Idee e memoria

Politica in e della Tv

Passeranno alla storia come le elezioni dei pasticci, nessuno dei quali innocente. E occuperanno la cronaca a lungo, con i ricorsi. Ora vince quello presentato da Sky e La7, che avevano eccepito contro il regolamento emanato dall’Autorità delle comunicazioni (Agcom), con il quale si proibivano i dibattiti televisivi, durante le elezioni. Anche in questo caso il comportamento di ciascuno può sembrare irrazionale, se non si comprende la fonte di tante discussioni: la Rai. Qui, nella televisione di Stato, a spese dei cittadini, il problema non è quello di come far parlare i politici, che sono ovviamente di parte, ma di come fermare i conduttori, i contenitori che pretendono d’essere giornalistici e sono, in realtà, propagandistici.

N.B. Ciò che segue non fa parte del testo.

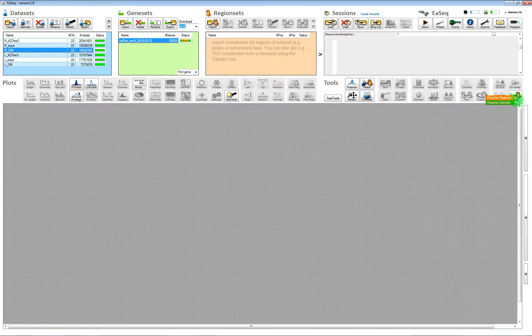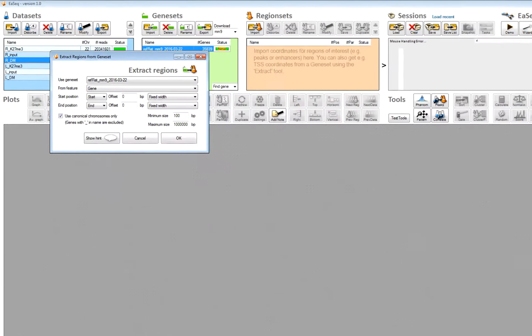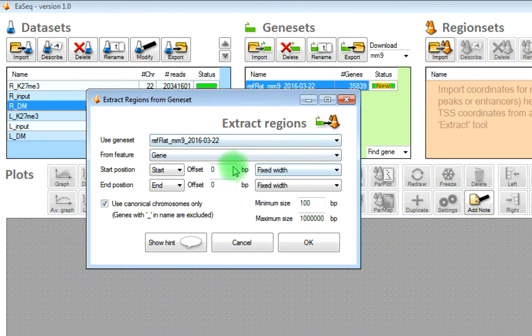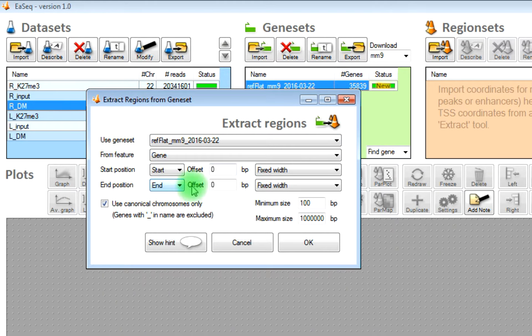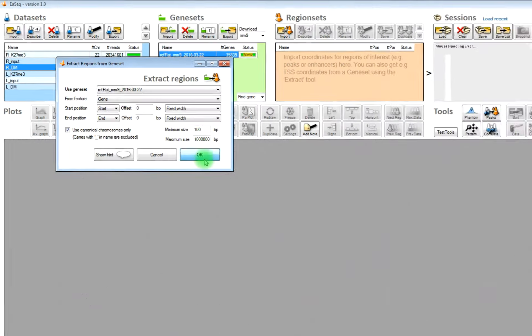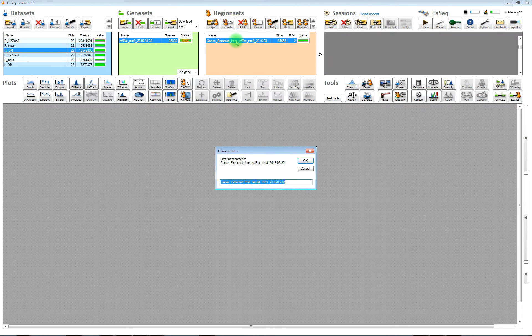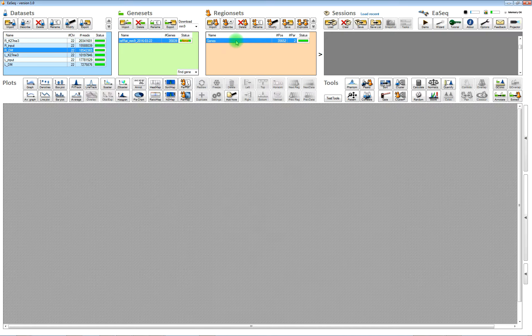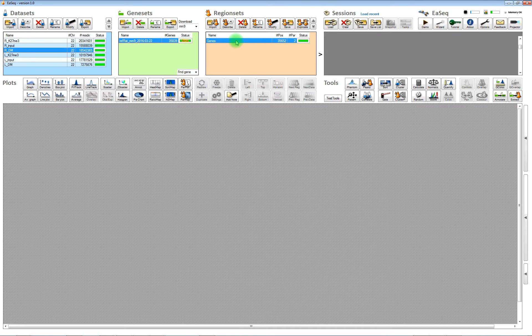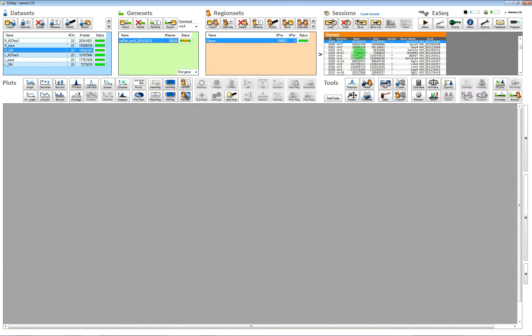Once it's imported, then you can extract some regions from these genes, some regions that correspond to the gene bodies. Just use the default settings and after they are extracted, then you can rename it to a shorter name. Here we'll call it genes.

L’errore consiste nel pensare di fermarli proibendo a tutti di parlare di politica, o d’attualità. La logica vorrebbe l’esatto contrario: nel corso della campagna elettorale se ne discute in misura maggiore, non minore. E non credo nemmeno che tali dibattiti debbano essere assoggettati all’ipocrita disciplina della par condicio, utile solo a far finta che tutti siano eguali e che il mestiere del giornalista sia come quello del vigile urbano: dirigere il traffico. Solo un Paese che ignora i fondamenti della libertà, può avere concepito una tale normativa (che, non a caso, nacque per togliere, non per dare la parola). Si deve distinguere, se si vuole parlare seriamente, il pluralismo del sistema dal pluralismo interno ad ogni singola trasmissione.

Il primo è indispensabile, in democrazia, e comporta che le fonti d’informazione facciano capo a proprietà diverse, in concorrenza fra di loro. Da noi manca, perché la metà del mercato è occupata dalla televisione di Stato, che andrebbe privatizzata, e l’altra metà è dominata da un soggetto privato, Mediaset, che solo in quella condizione può competere con l’ex monopolista. Molti falsi profeti della libertà hanno ripetuto, per decenni, che la soluzione consiste nel macellare il concorrente privato. Che razza di ragionamento è? La via maestra è diversa: si rimuova l’azienda statale e s’imponga un più severo antitrust.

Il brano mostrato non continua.